Participants in a conference on minority rights on Thursday urged the government to respect its commitments to establish a national commission to protect the rights of Christians, Hindus and members of other religious minorities. Everything done so far has proven ineffective. Voice for Justice Chairman Joseph Jansen is troubled that “peaceful demonstrators demanding an end to [. . .] atrocities find themselves subject to arrest and mistreatment”.

Lahore (AsiaNews) – Pakistani organisations defending the rights of Christians, Hindus and other minority religions have condemned the violent police crackdown in Islamabad against protesters from the Minorities Alliance Pakistan (MAP) during the National Minority Day observance last Thursday, 10 August. On that same day, a conference was held to mark the observance.

According to Joseph Jansen, who chairs Voice for Justice, the unwarranted violence against peaceful protesters “stands as a grave violation of democratic rights and is an affront to the principles of justice".

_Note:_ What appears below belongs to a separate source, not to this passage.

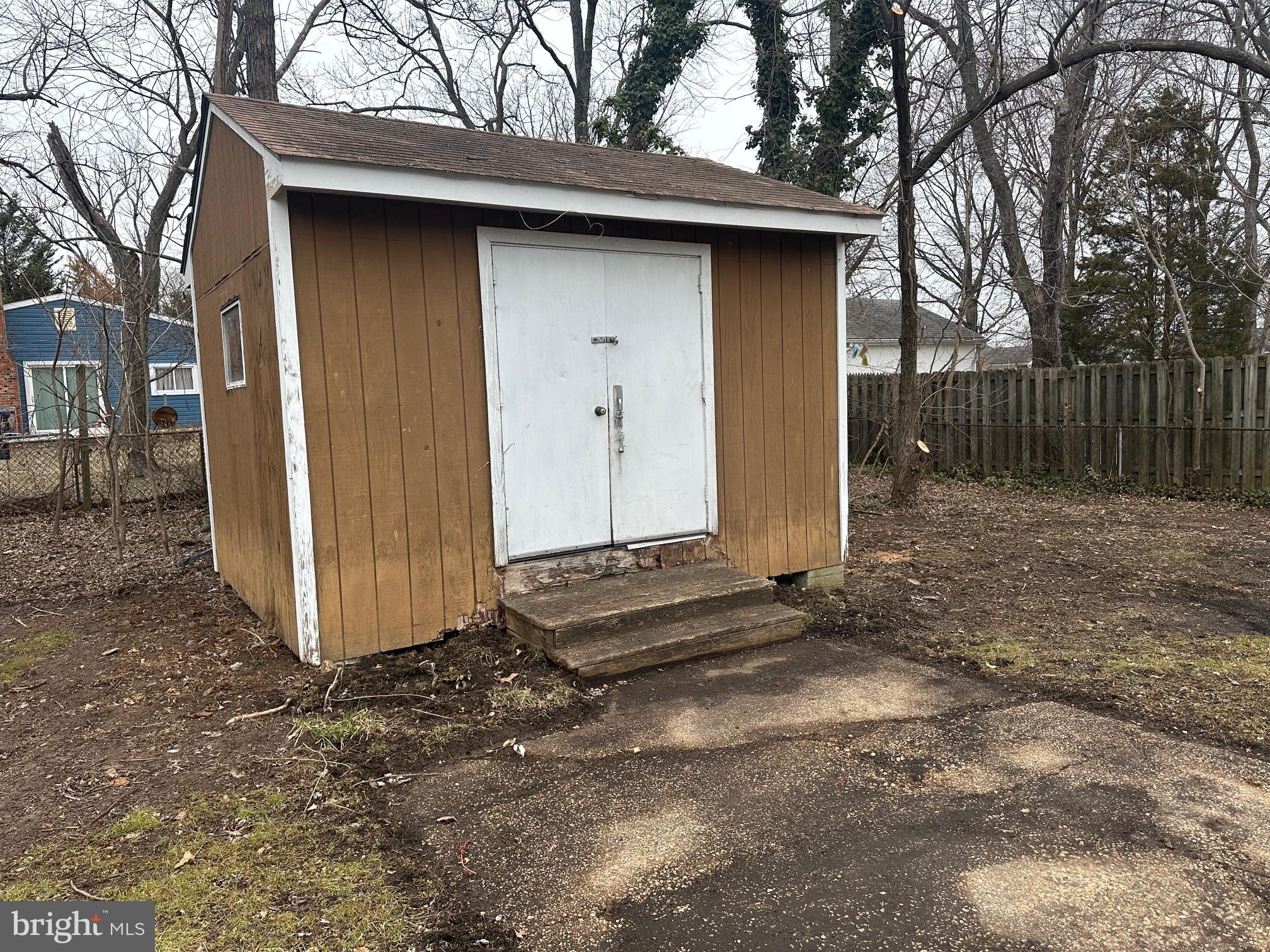 GLEN GARDENS - Residential Lease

“On this significant occasion, dedicated to shedding light on the plight of religious minorities in Pakistan, it is disheartening to witness the very custodians of the law resorting to aggression against those championing the cause of equality and justice. We call upon the authorities to immediately release the detained peaceful protesters and ensure their safety and well-being,” Jansen said.

“It is deeply troubling that while individuals responsible for heinous acts like abduction, rape, and violence against minors continue to evade accountability, peaceful demonstrators demanding an end to such atrocities find themselves subject to arrest and mistreatment,” he added.

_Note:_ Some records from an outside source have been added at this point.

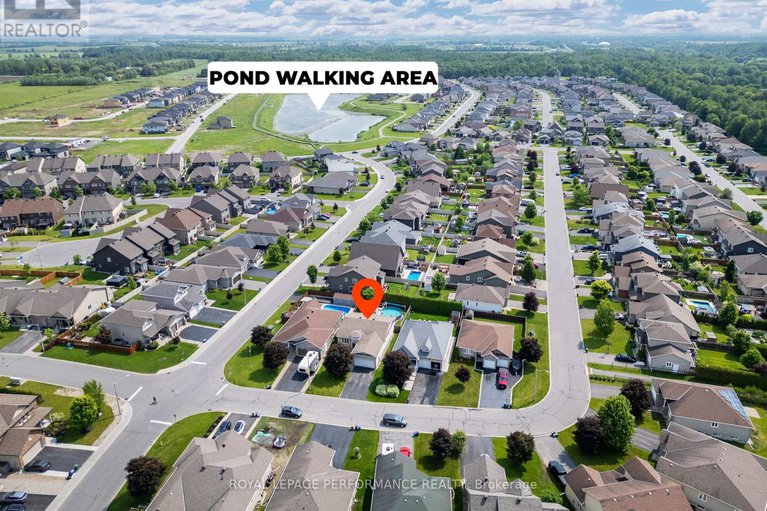 29305274/7-settlement-lane/village-of-russell/russell/ontario/K4R0A4_32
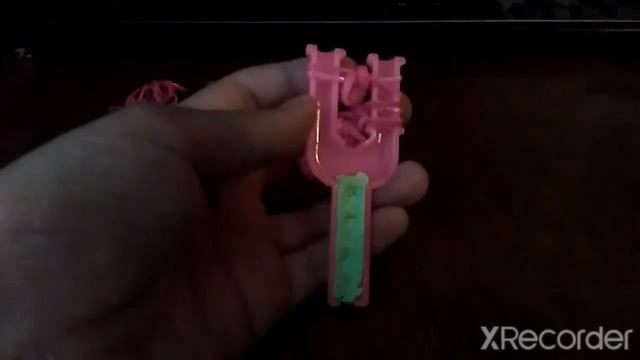 Человечек из резинок на рогатке смотреть онлайн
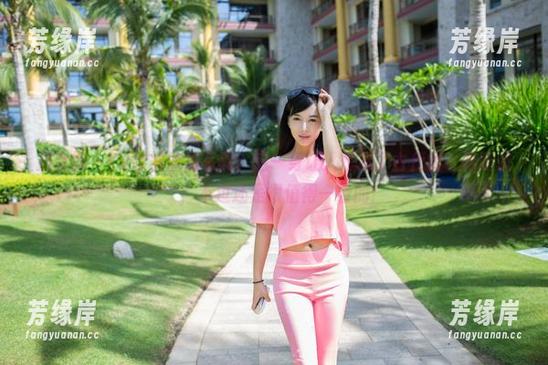 推女郎-Yu佳妮 推女郎 - Yu佳妮旗袍写真:这一身让人想起了古代的‘跑腿侠’,不过还是很值得一看的!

On Thursday, participants to the meeting organised by the Centre for Social Justice (CSJ) urged political parties to keep their commitments to defending minority rights.

Although Pakistanis are overwhelming Muslim, the notion of protection and equality for Christians and Hindus was reiterated on several occasions in the country’s history, CSJ executive director Peter Jacob noted, such as Quaid-e-Azam Ali Jinnah’s 14 points (1929), the Lahore Resolution (1940), Jinnah’s address to the National Assembly on 11 August 1947, and the Liaquat-Nehru Pact (1950).

Regrettably, Jacob added, “the National Assembly has passed a National Commission for Minorites Bill, 2023 without addressing its gaps”; now , “the onus is on the Senate to introduce amendments in the Bill to make the prospective minority rights body truly functional, and effective, independent, [and] autonomous”.

In this regard, the Joint Action Committee for the Rights of Peoples (JAC) explained that the bill is not in line with either the UN Paris Principles or the directives of the Supreme Court of 19 June 2014. For this reason, the JAC urges the government to set up the permanent commission it had promised.

In 2014, the Supreme Court ordered the government to create a minority rights institution with a mandate “to monitor the practical realization of the rights and safeguards provided to the minorities under the Constitution and law, and frame policy recommendations for safeguarding and protecting minorities’ rights”.

Instead, the “Federal Ministry for Religious Affairs, since 1990, formed ad hoc commissions which failed to make any progress towards policy reforms and redressing complaints related to minorities’ rights because they lacked a sound legal basis, broad mandate and competence, independence and autonomy, adequate powers and resources. We wish that the government had learnt from the past experiments and the issues faced by the previous minorities commissions.”